У француженки была астма. Астма, внезапные приступы гнева и сложный аромат духов, в котором не последнюю роль играл ее собственный немного душный, терпкий запах.
Увы, французский так и не стал моим вторым языком. Впрочем, как и прочие языки, в которые я влюблялась безответно, страстно, но непоследовательно.
В моих отношениях с языками хватало первоначальной очарованности, не доходящей до длительных и постоянных отношений. Французский был и остался мечтой, светящейся точкой, маяком, но уж никак не стойкой привязанностью.
Думаю, главным уроком, полученным на занятиях Лидии Мартыновны, был урок настоящего шарма. Этот кокетливый платочек, эта вздымающаяся грудь, этот быстрый и взволнованный, с придыханием говор, этот головокружительный прононс. Согласитесь, нечастое явление в советской школе, – мрачноватом трехэтажном учреждении, в котором властвовали истеричные, закомплексованные и чаще не особо счастливые женщины.
Кстати, с прононсом у меня как раз все хорошо. В прононсе равных мне мало.
На прононсе и только на нем держался мой школьный аторитет. Правда, недолго. Пока не обнаруживалась (а она обнаруживалась всегда!) огромная зияющая пропасть, в которую бесследно проваливались все эти проклятые артикли, правильные и неправильные глаголы и обстоятельства места и времени.
Ведь тут главное, что?
Блеснуть, обаять, обворожить. Для чего требуется всего ничего. Улыбка, готовность, кивок.
– Бонжур, мадам!
Бон вуаяж, мадам, оревуар, мадам, мерси боку…
Зато у нас в подземке продают средство от папиллом и бородавок.
И вообще довольно живо.
Справа – турецкие шарфики, радующие глаз пестротой и многообразием, – слева – мирно посапывающие младенцы кошачьего роду-племени, а неподалеку – толстобокие щенки непонятной, но неизъяснимо прелестной породы. Цитрусовые – тут же, в ящиках, и прибившаяся сбоку старушка с вязаными игрушечками, нанизанными на все десять пальцев отмороженных рук.

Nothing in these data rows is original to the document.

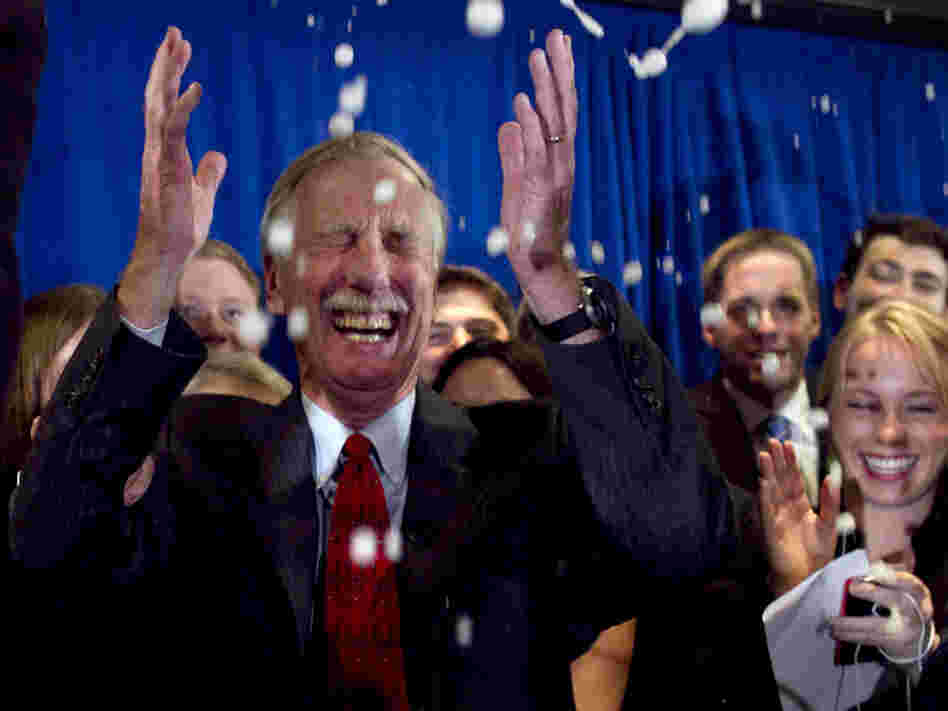 Independent Angus King celebrates under a splash of champagne in Freeport, Maine, on Tuesday after winning the Senate seat vacated by Republican Olympia Snowe.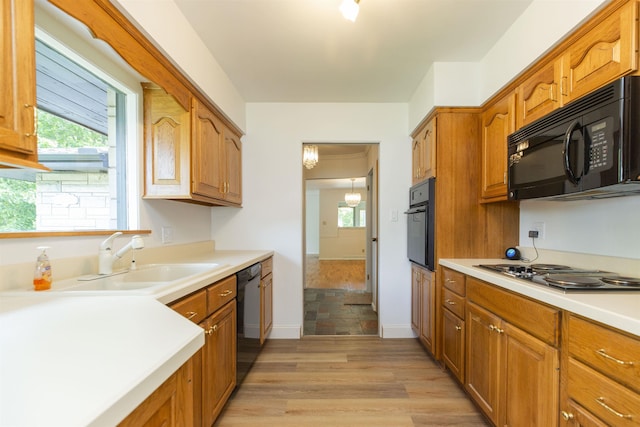16128 Chandler Blvd, Mishawaka, IN 46544 - kitchen featuring black appliances, a sink, light countertops, light wood-type flooring, and brown cabinetry
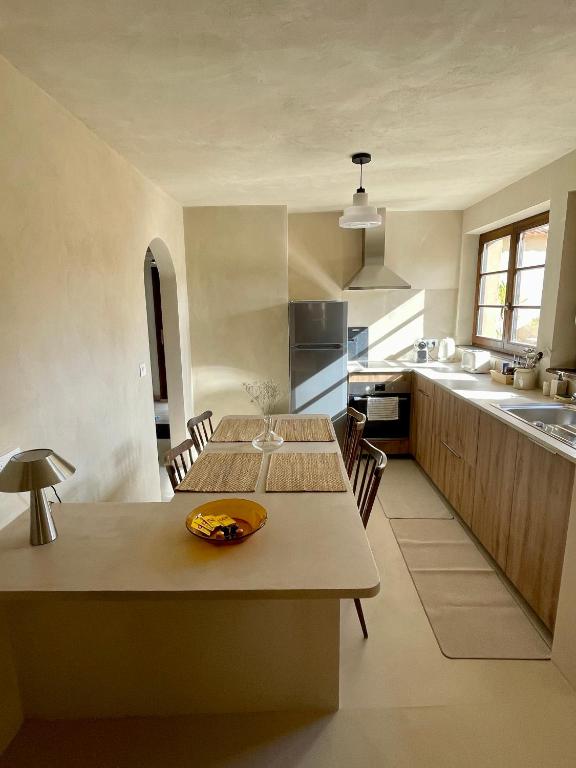 a kitchen with a table with a bowl on it at Maison Maragelie in Westhoffen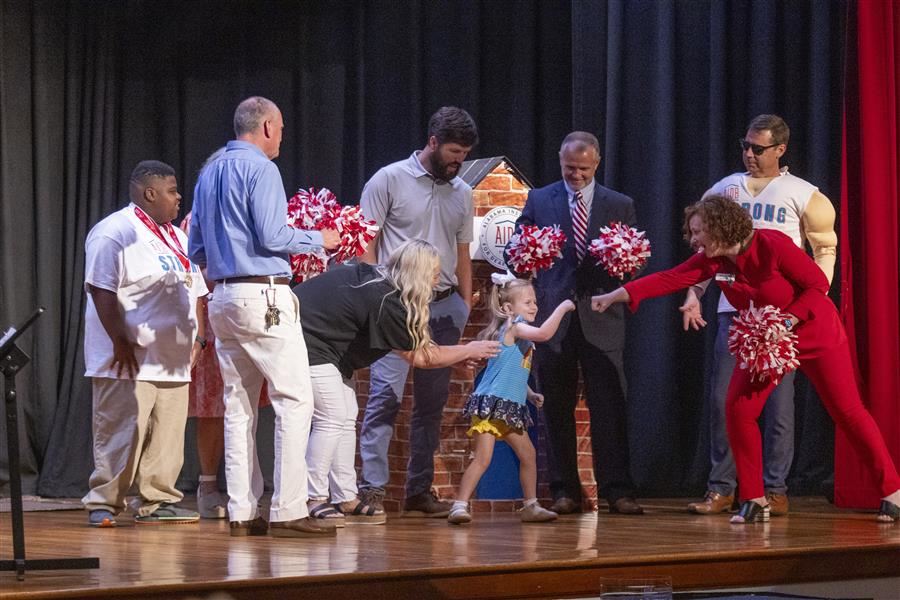  AIDB representatives cheer on Landry Kate and her parents during the convocation skit.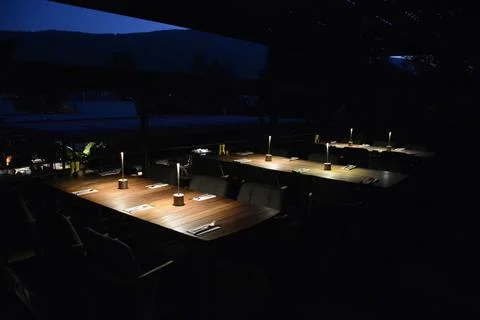 Dinner table in darkness Stock Photos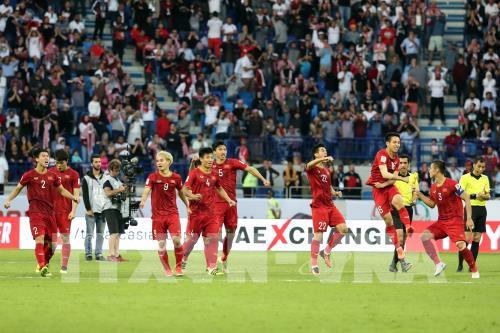 Niềm vui chiến thắng của các tuyển thủ Việt Nam trong trận đấu gặp tuyển Jordan tại Dubai, Các tiểu vương quốc Arab thống nhất ngày 20/1/2019. Ảnh: AFP/TTXVN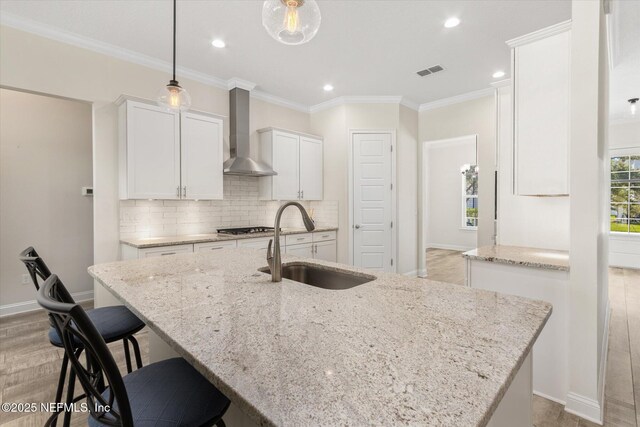 kitchen featuring a sink, visible vents, white cabinetry, wall chimney exhaust hood, and tasteful backsplash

У нас весело. Чего только нет! Плотные стручки лука-порея и роскошные, воистину живописные, лопающиеся от избытка сока плоды гранатового дерева. Но это все сезонные радости.
Зато средство от папиллом и бородавок есть всегда! Этот округлый певучий говорок, эта растопыренная у входа женская фигура в пуховике, эта абсолютная уверенность в качестве и надежности товара, – а, главное, – в неизменности спроса.
Пока человечество существует – средство от бородавок актуально.
От бородавок, прыщей и прочих малоприятных штук.
Признаться, я соскучилась. По лицам, голосам, интонациям.
По надвинутым на лбы платкам, по ветхим старушкам, гнездящимся на обочине. По ангельскому свечению глаз в сети правдивых морщинок. По напряженным ладоням, по пальцам с обломанными ногтями, по этой давнишней привычке – терпеть, мириться, не роптать.